--- DATASET SECTION ---

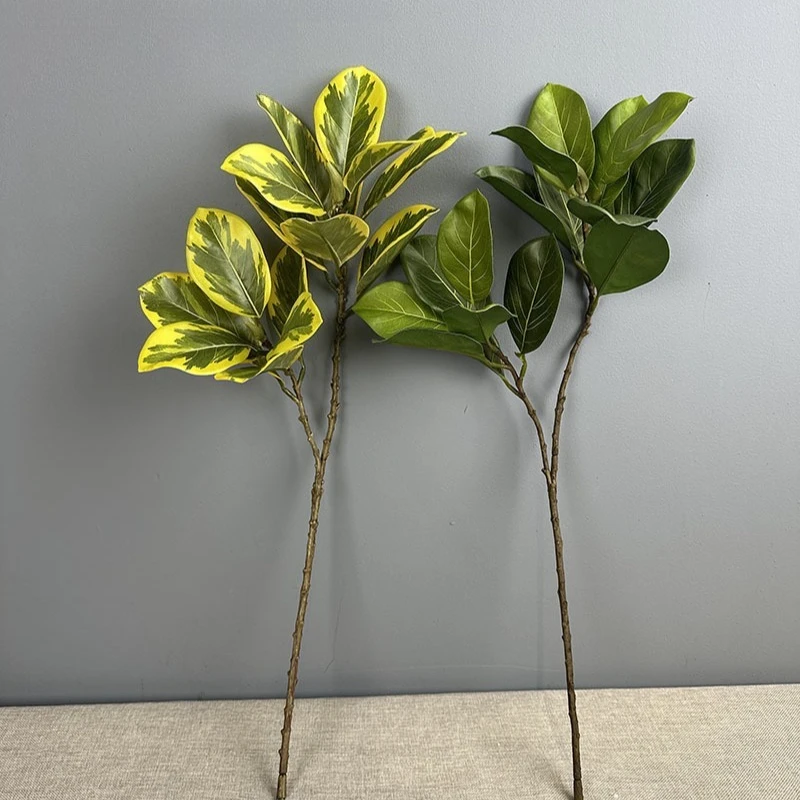 

4 шт. пластиковых искусственных золотых листьев баньяна, имитация веток баньяна с 2 ответвлениями, зеленые растения для декора отелей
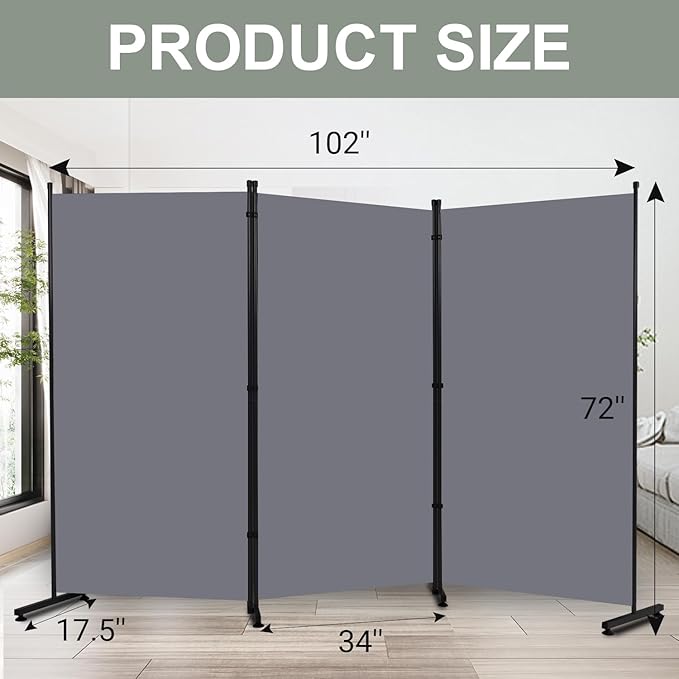 Room Divider 6FT Single Panel Privacy Screen, Portable Room Partitions and - Image 6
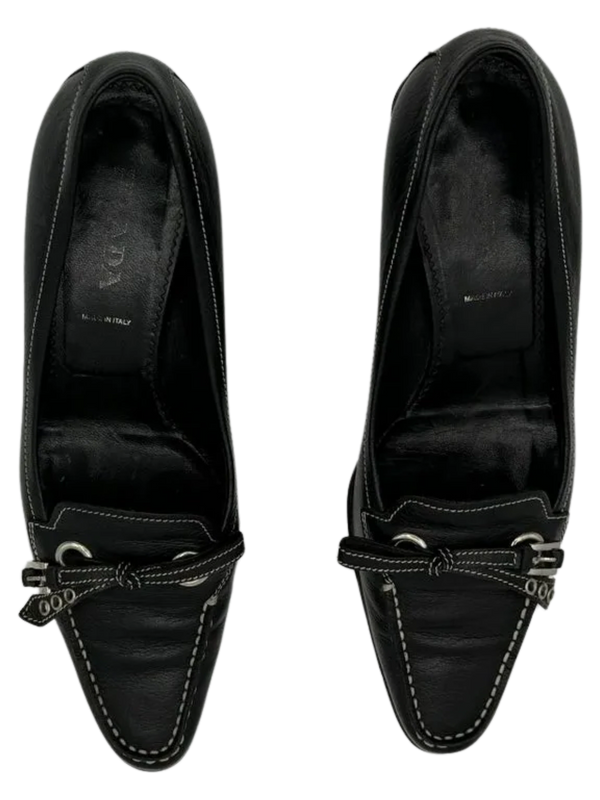 Prada Bow & Buckle Stitched Kitten Heels - Prada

---

▶ [WHAT YOU NEED TO DO]: Only an exact copy is needed: the lines from the opening of the listing through the line with "Room Divider 6FT", both included, minus the pictures.

▶ [TASK RESPONSE]:
4 шт. пластиковых искусственных золотых листьев баньяна, имитация веток баньяна с 2 ответвлениями, зеленые растения для декора отелей
 Room Divider 6FT Single Panel Privacy Screen, Portable Room Partitions and - Image 6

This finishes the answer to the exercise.